Os monges e freiras enclausurados em um complexo de mosteiros no leste da Ucrânia absorvem bombardeios diários da artilharia russa. E ainda assim eles permanecem leais à Igreja Ortodoxa Russa.
SVIATOHIRSK, Ucrânia – Das centenas de locais de batalha em toda a Ucrânia, o Mosteiro das Cavernas de Sviatohirsk certamente está entre os mais incongruentes.
O extenso complexo de igrejas com cúpula de cebola construída em uma margem alta do rio Siversky Donets é considerado um dos cinco locais mais sagrados da Igreja Ortodoxa Russa. No entanto, está diretamente na linha de fogo do exército russo em seu avanço no leste da Ucrânia.
Projéteis russos direcionados a posições de tropas ucranianas se desviam regularmente e atingem o mosteiro, com gritos aterrorizantes e estrondos metálicos que ecoam pelos adros da igreja. Eles rasgam as paredes dos prédios e deixam buracos no chão; pelo menos quatro monges, padres ou freiras foram mortos, segundo a polícia ucraniana.

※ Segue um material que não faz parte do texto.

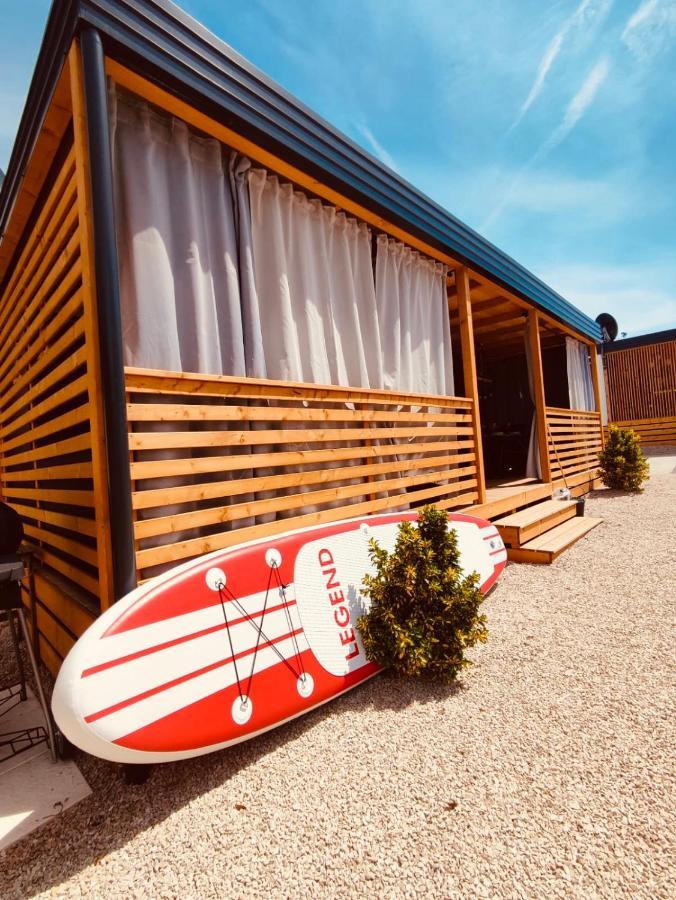 Mobile Home Peponi Del Mar, Brand New Biograd Na Moru Eksteriør bilde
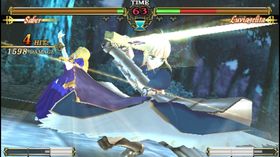 Fate/Unlimited Codes (PSP).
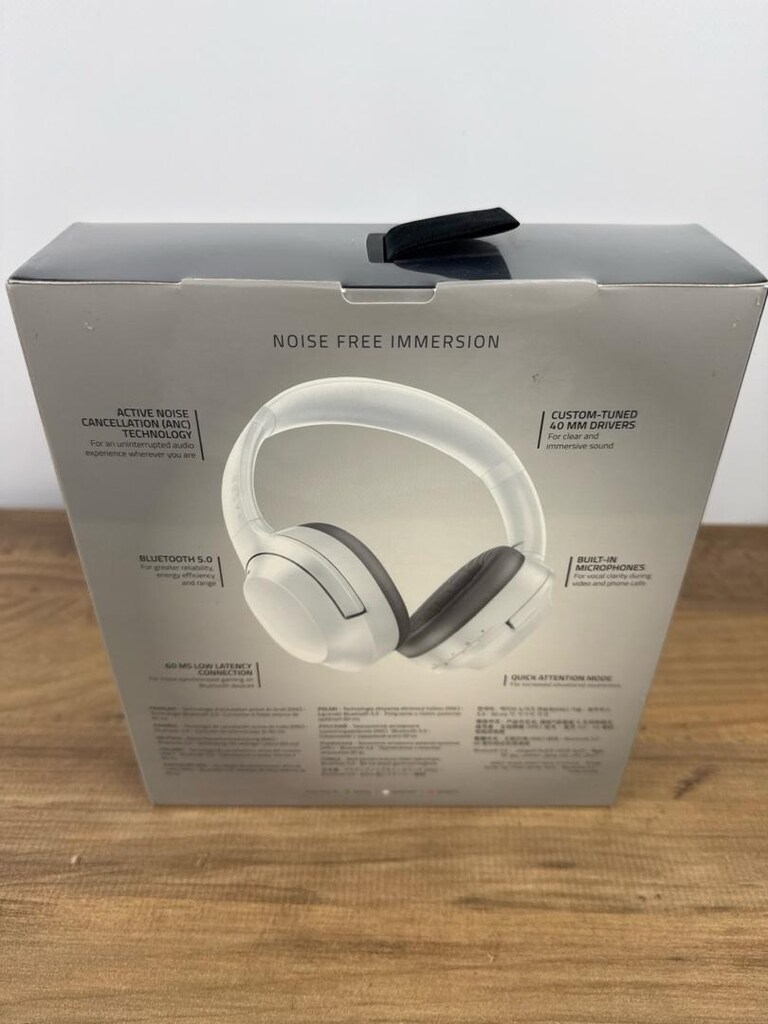 RAZER OPUS X MERCURY EDITION KULAKLIK SIFIR ÜRÜN - 3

O bombardeio é mais um exemplo dos danos colaterais que os russos estão infligindo com ataques de artilharia errantes ou indiscriminados. E forçou os monges e freiras aqui enclausurados a uma forma de racionalização de guerra.
Junto com muitas das centenas de deslocados que buscaram segurança no complexo, eles são fiéis à igreja russa e leais ao seu líder em Moscou, o patriarca Kirill, que abençoou a invasão russa. Mas o constante bombardeio do exército russo apresenta uma contradição que eles são forçados a conciliar.
“Sim, eles bombardearam o mosteiro, mas provavelmente estão apenas seguindo ordens”, disse uma freira, irmã Ioanna, sobre os soldados russos. “Oramos por eles também, pedindo que percebam o que estão fazendo.”
Irmã Ioanna estava rezando no corredor de um mosteiro na manhã de terça-feira passada – recitando os Salmos do Sexto Catecismo, ela lembrou – quando uma granada atingiu, explodindo uma parede. Tijolos e estilhaços voaram.
Um tijolo a feriu na cabeça, ela disse mais tarde em uma entrevista em um hospital. Um monge ao lado dela foi atingido por estilhaços no estômago e morreu antes que pudesse ser evacuado, disse a irmã Ioanna.
Durante uma recente visita ao mosteiro, conchas atingindo o terreno lançaram colunas de sujeira e fumaça, seguidas alguns segundos depois pelo barulho de detritos caindo sobre as cúpulas da igreja. Os monges correram para se proteger, suas vestes negras esvoaçando.
Aqueles que não sobreviveram às barragens anteriores estão agora enterrados em sepulturas recém-cortadas em um pátio.
Ao redor do local, as paredes caiadas de branco estão salpicadas de estilhaços, as janelas estão estouradas. Buracos nas paredes e crateras nos adros da igreja atestam os acertos diretos.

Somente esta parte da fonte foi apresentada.